Welcome, dear readers, as always.

You recognized where the title of this posting comes from, I’m sure.  Bilbo and Gandalf

have been talking and Bilbo describes his current state:

“ ‘I am old, Gandalf.  I don’t look it, but I am beginning  to feel it in my heart of hearts.  Well-preserved indeed!…Why, I feel all thin, sort of stretched, if you know what I mean:  like butter that has been scraped over too much bread.’ “ (The Fellowship of the Ring, Book One, Chapter 1, “A Long-expected Party”)

(You’ll notice the pun here—as I’m sure JRRT did–in the combination of “preserve(d)”  with butter and bread—did he write this originally during breakfast one morning?)

After this, there is a very tense scene where Gandalf inquires about the Ring, Bilbo becomes hostile, but, in the end, Bilbo leaves the Ring and clearly feels great relief, even singing.

Nine years later, in a subsequent scene, after Gandalf had related, the previous night, some details about the Ring to Frodo, we can see what had been going on in Gandalf’s mind those nine years before and his concern for Bilbo then, persuading him to put the Ring aside:

“ ‘A mortal, Frodo, who keeps one of the Great Rings, does not die, but he does not grow or obtain more life, he merely continues, until at last every minute is a weariness.  And if he often uses the Ring to make himself invisible, he fades:  he becomes in the end invisible permanently, and walks in the twilight under the eye of the Dark Power that rules the Rings.  Yes, sooner or later—later, if he is strong or well-meaning to begin with, but neither strength nor good purpose will last—sooner or later the Dark Power will devour him.”  (The Fellowship of the Ring, Book One, Chapter 2, “The Shadow of the Past”)

Bilbo was, indeed, as stretched as he felt—and in more danger than he could know.  And it was a danger others had undergone before him—had they known what would happen?
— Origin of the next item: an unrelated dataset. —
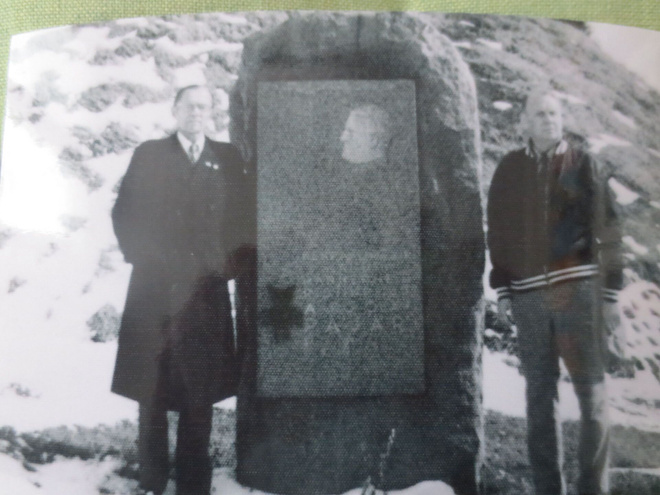 Marskin Ritarit  Kenraali Pajarin haudalla v.1977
(David T. Wenzel—you can see more of his work here:  https://ixgallery.com/artists/davidwenzel/  and visit his website here:  https://davidwenzel.com/   Be sure to spend time looking at his sketches—he’s a beautiful draftsman and his work is a pleasure to examine.)
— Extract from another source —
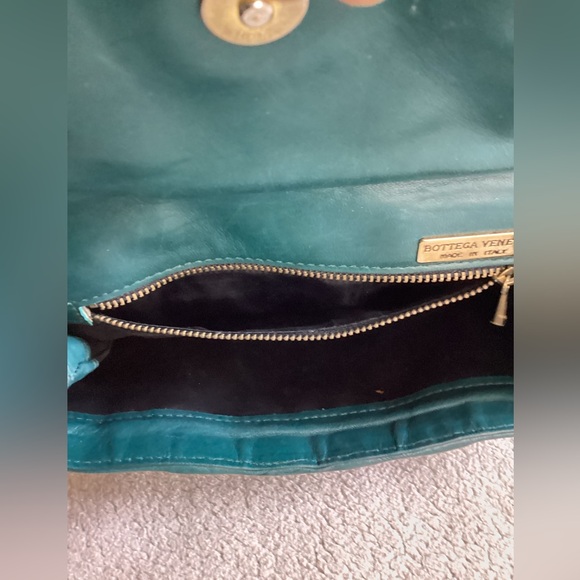 Vintage Bottega Veneta Elegant Green Woven Shoulder Bag - Picture 14 of 15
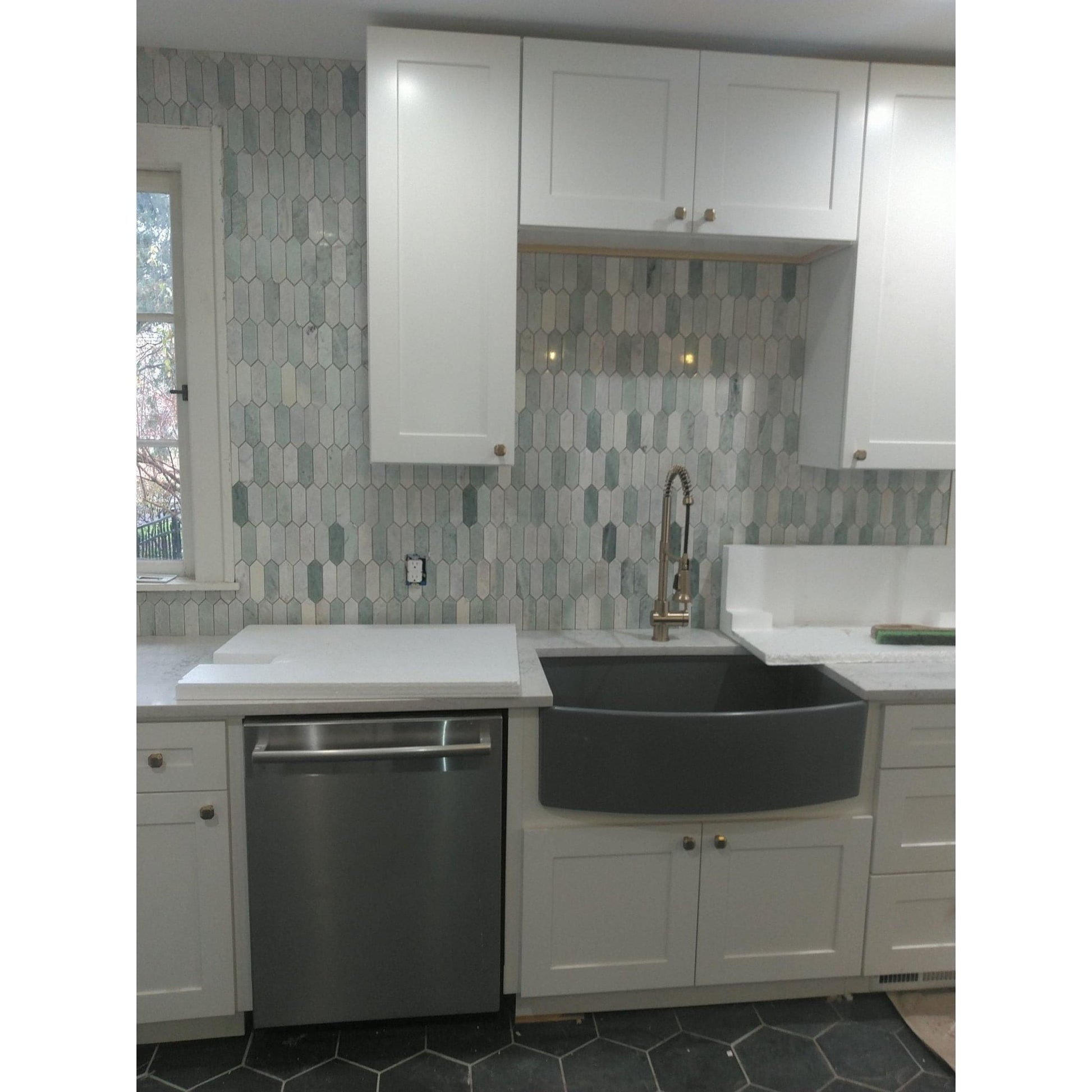 Ming Green Picket Polished Mosaic Tile - Hey Tiles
Gandalf goes on to explain the history of the Nazgul to Frodo, in relation to the very Ring we see here:

“ ‘Nine he gave to Mortal Men, proud and great, and so ensnared them.  Long ago they fell under the dominion of the One, and they became Ringwraiths, shadows under his great Shadow, his most terrible servants.  Long ago.’ “

And Gandalf continues, being more prophetic than he knows:

“ ‘It is many a year since the Nine walked abroad.  Yet who knows?  As the Shadow grows once more, they too may walk again.’ ”  (The Fellowship of the Ring, Book One, Chapter 2, “The Shadow of the Past”)
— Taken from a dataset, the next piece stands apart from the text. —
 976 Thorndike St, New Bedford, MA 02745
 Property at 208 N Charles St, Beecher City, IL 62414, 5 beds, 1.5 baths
The Ringwraiths, the Nazgul, will appear again and again in the story, pursuing Frodo and his friends in their initial journey from the Shire, attempting to bribe Gaffer Gamgee,

(Denis Gordeev)

making  an attack upon Frodo and his friends at the Prancing Pony,

(Ted Nasmith)

nearly fatally wounding Frodo on Weathertop,

(John Howe)

pursuing him to the ford,

(Denis Gordeev)

but, although washed away there,

(Ted Nasmith)

after a pause (although occasionally seen in the sky), participating in the assault on Minas Tirith,

(Denis Gordeev)

with the leader of their number finally destroyed by a combination of Eowyn and Merry.

(Ted Nasmith)

But this brings up a question:  if the Ringwraiths are “shadows under [Sauron’s] Great Shadow”, how can they:

1. carry weapons (think of the Morgul knife which wounds Frodo)

2. ride horses

3. somehow, after those horses are destroyed, make their way back to Mordor for replacements

4. although disembodied, be wounded and even destroyed by mortal weapons?

And the answer is:  unclear.  This is a place where I think JRRT wanted spookiness and substance, too, so his insubstantial menace—the Nazgul seem, in fact, to need those cloaks to be embodied—can do things like ride horses and other, unmentionable, things,

(Alan Lee)

and wield real weapons, as well as suffer wounds, like the mortals they once were.  And that leader even wears a crown—

“Upon [the beast] sat a shape, black-mantled, huge and threatening.  A crown of steel he bore, but between rim and robe naught was there to see, save only a deadly gleam of eyes.” (The Return of the King, Book Five, Chapter 6, “The Battle of the Pelennor Fields”)

which might, in fact, give us a clue as to where that invisibility—and something more– might originally have sprung from.

Recently, I’ve been rereading John Milton’s (1608-1674) Paradise Lost 1667-1674),

where I came upon this scene, in which we see Satan, defeated in battle, with plans for revenge, is flying towards new-made Eden.   In his flight, he sees:

“…The other shape,

If shape it might be called that shape had none

Distinguishable in member, joint, or limb,

Or substance might be called that shadow seemed,

For each seemed either; black it stood as Night,

Fierce as ten Furies, terrible as Hell,

And shook a dreadful dart; what seemed his head

The likeness of a kingly crown had on.”  (Paradise Lost, Book II, lines 666-673)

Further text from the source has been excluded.